The assessment reports this number against another statistically significant change: “More than 62 percent of the land in the park is under some form of state-authorized resource management.”

And while the data does not draw any formal conclusion, Dake, in fact, believes that the public-to-private land-holdings ratio won’t stabilize until there is 67 percent state land ownership inside the Blue Line.

“About 3 out 5 acres in the park are protected now, either in easement or in fee,” Dake told the Press-Republican on Tuesday.

“It is my expectation that it will settle at 2 out of 3 acres in the park being protected. That is a perfectly manageable and acceptable level of public protection.

“The next step would be: Is there a process by which public- and private-sector lands can be exchanged in order to enhance Hamlet areas and to allow the interconnection of Wilderness areas?”


Critics say the analysis doesn’t go far enough. 

Peter Bauer, executive director of Protect the Adirondacks, said in a news release that he thought the project was developed with public money.

But the Regional Assessment update was privately funded by Dake, who worked with a volunteer steering committee and paid environmental planners at the LA Group for assistance.

In all, the assessment cost about $150,000 to produce.


Nonetheless, Bauer claims it is missing some facts.

“Why did they not include employment data? Why did they not include development data? They only looked at state land purchase, emergency services and school population,” he told the Press-Republican.

“They’re making an inference these things are related, and they’re not.

“The loss in population in the park and drop in school-district enrollment is about young families leaving the park because of employment.”


Dake agrees there is a need for good, specific Adirondack Park jobs data to inform land-use policy there.

“If I had a way of finding this information, I would get it,” he said. “I would have to know, first of all, is the data there?”

It becomes especially difficult to calculate business growth and decline in towns that straddle the Adirondack Park boundary, where land use applies differently to one part of town than another, he said.


Park assessment authors say decline in school enrollment does, however, bring into question Adirondack conservation goals.

Chestertown Town Supervisor Fred Monroe, who was on the Regional Assessment Steering Committee, said the numbers serve as a benchmark that can be monitored over time.

“I don’t think you can take any forested area and lock up half the land resource and not think you’re going to impact the economy.

“Back when the Adirondack Park Agency Act was created, Gov. Nelson Rockefeller talked about balance. Then, the park was 60 percent private land holdings and 40 percent state land. Now it’s just about reversed. If it was sensibly balanced then, what is it now?

“We are saying, let’s get some facts out there that are credible. We believe these are the facts. It’s better to have a debate about the facts rather than trying to debate what the facts are,” Monroe said.


The balance sits in some form of sustainability, Bauer said.

“However you approach planning, balance is a different thing in Keene than it is in Lake George. The key is to maintain the natural resource base in the park that will keep it as a wild landscape, because we don’t have many wild landscapes in this country.

“We could have more year-round residents. We could have more buildings in the park. We could have more preserved land in the park,” Bauer said.

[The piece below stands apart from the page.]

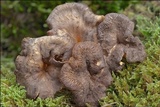 Craterellus lutescens image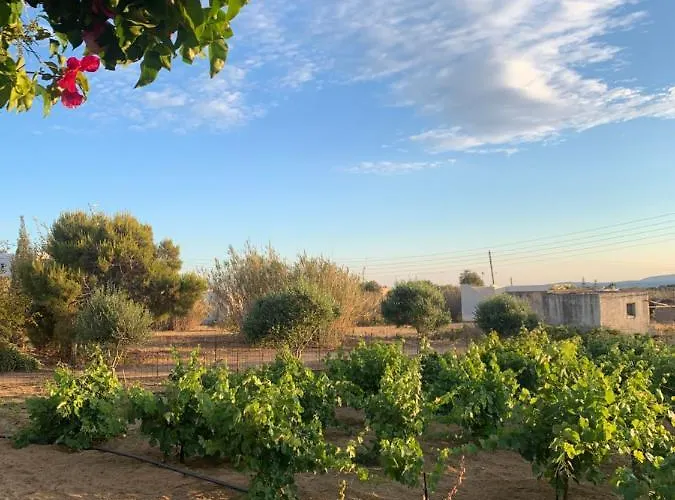 아파트 Vino Agia Anna (Naxos)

“But it is diversify the population or shrink. We need to diversify, or we’re going to shrink.”

Protect the Adirondacks intends to publish a report on Adirondack Park growth this fall.


Monroe said millions of dollars in recent investments through the North Country Regional Economic Development Council may change the dynamic.

Priority projects look to improve critical tourism infrastructure, such as lodging and restaurants, and to improve technology and education resources.

“I don’t think we have seen the results of that yet,” Monroe said. “Hopefully if we do this assessment again in five years, it will show some improvement.”

Email Kim Smith


The Adirondack Park Regional Assessment is online at:

The numbers have been crunched in several ways.

The Adirondack Park Agency has extensive Geographic Information System data mapping correlated to census figures. APA data shows a decrease in Adirondack Park population of 1.3 percent between 2000 and 2010, while New York's population increased 2.1 percent.

APA maps also compare the data in the park to U.S. population growth by county.

But there are no "jobs" data sets blended into APA numbers.

Some county industrial development agencies have raw numbers, though not separated into individual towns that would impact specific school districts.

Essex County IDA reports that, through 2011, the largest income-generating industry was materials processing, with 3,100 jobs generating $167.1 million in wages. Tourism, with 7,800 jobs, generated $163.4 million in total wages.